● Task statement
Copy task for the material below: print the line with "Waterfront; Golf Cart" and every line after it to the end, exactly as written, without the pictures.

● Data section
◆ ◆ ◆ ◆

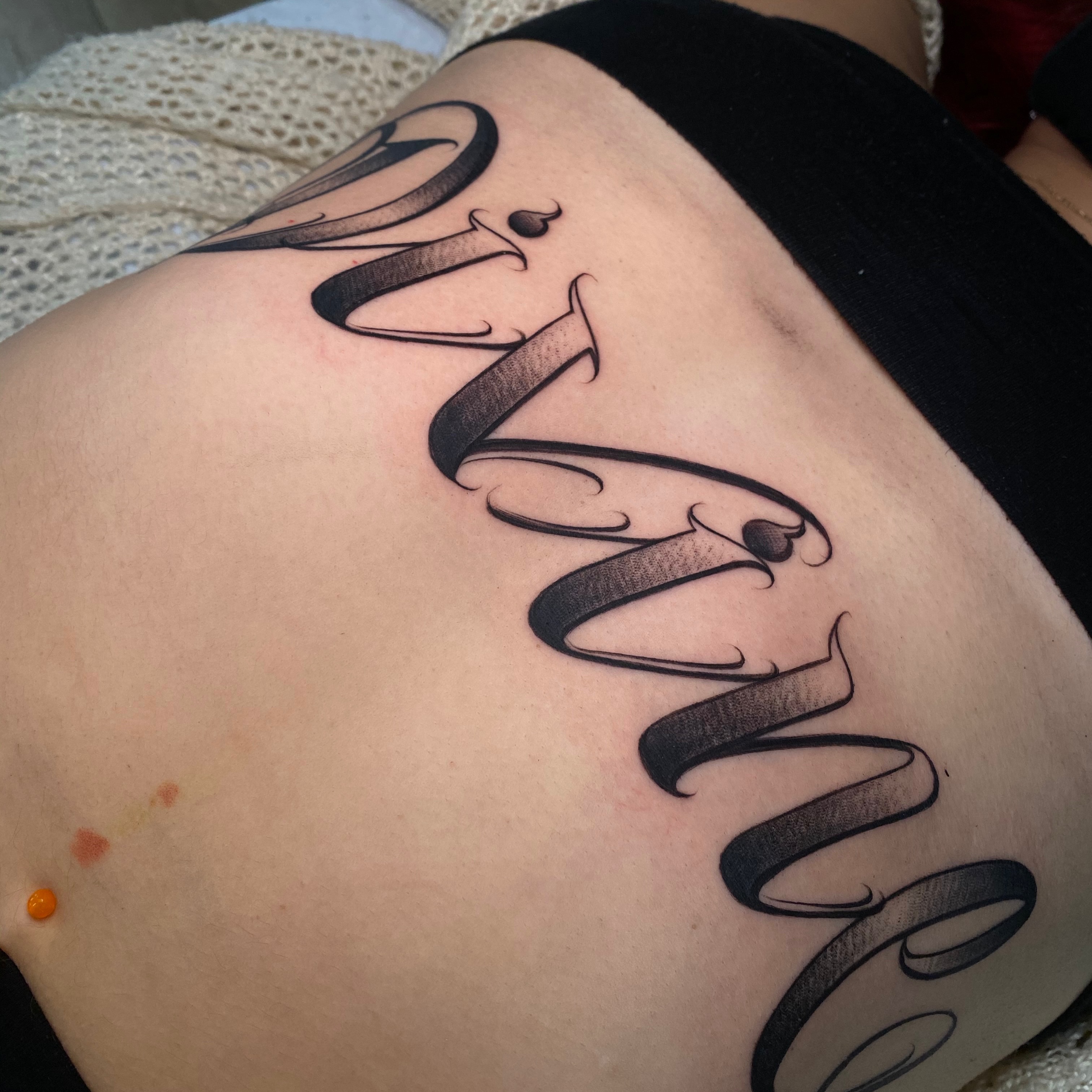 Script lettering lettering script tattoo on the thigh by Flames, Cerritos, California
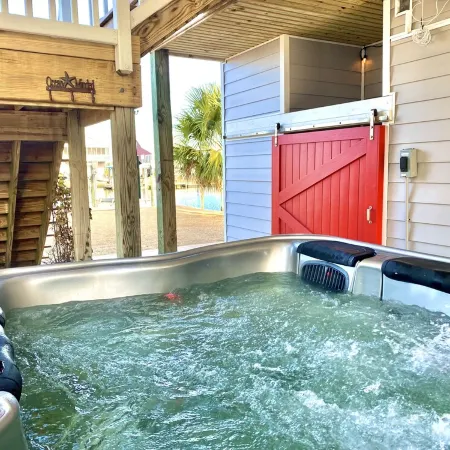 Waterfront; Golf Cart option; hot tub; Kayaks; Peddle Boat; Walk to beach; Ramp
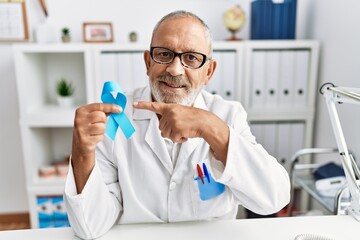 Mature doctor man holding blue ribbon at the clinic smiling happy pointing with hand and finger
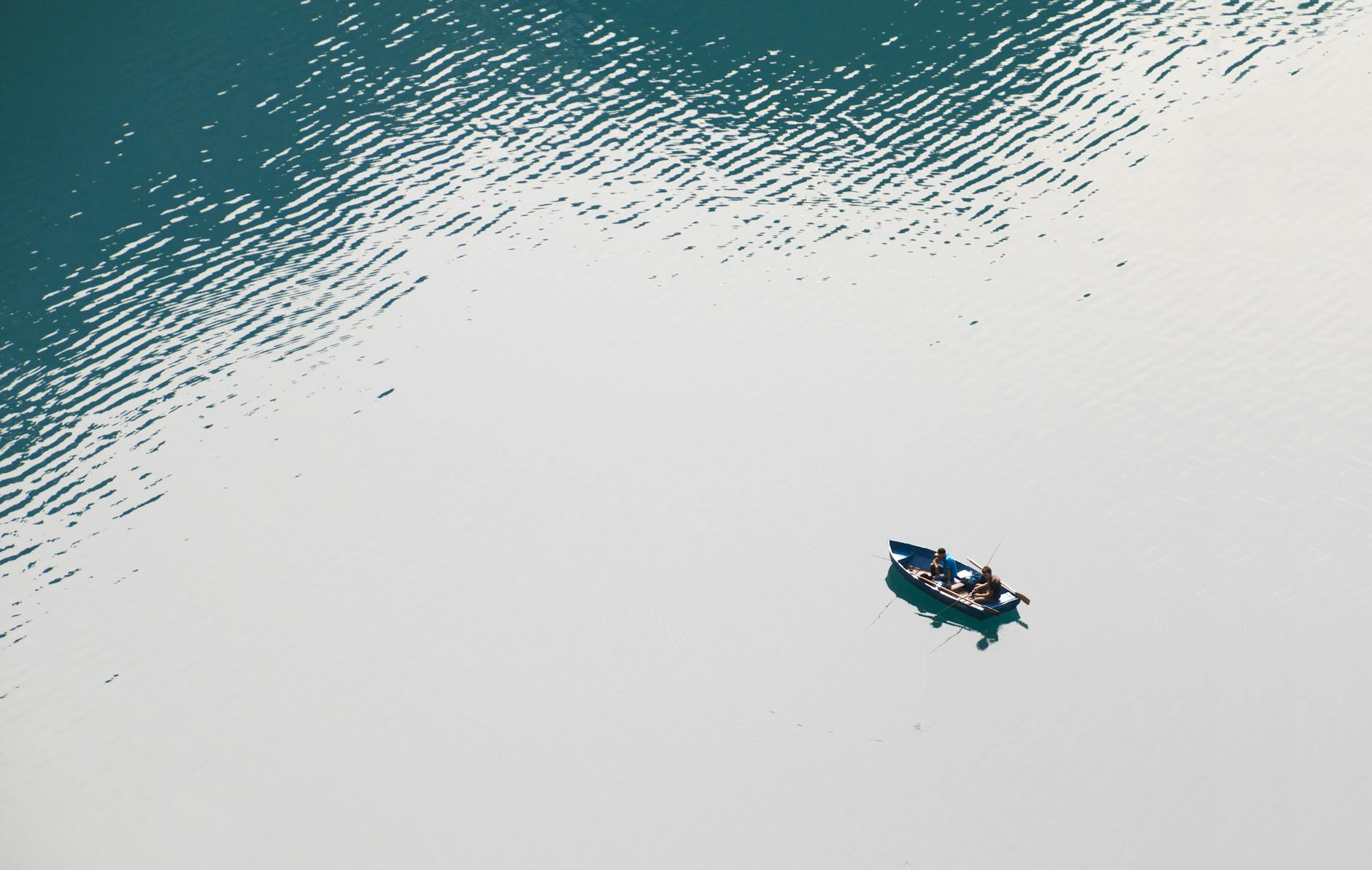Small boat floating in open water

◆ ◆ ◆ ◆

● Final answer
 Waterfront; Golf Cart option; hot tub; Kayaks; Peddle Boat; Walk to beach; Ramp
 Mature doctor man holding blue ribbon at the clinic smiling happy pointing with hand and finger
Small boat floating in open water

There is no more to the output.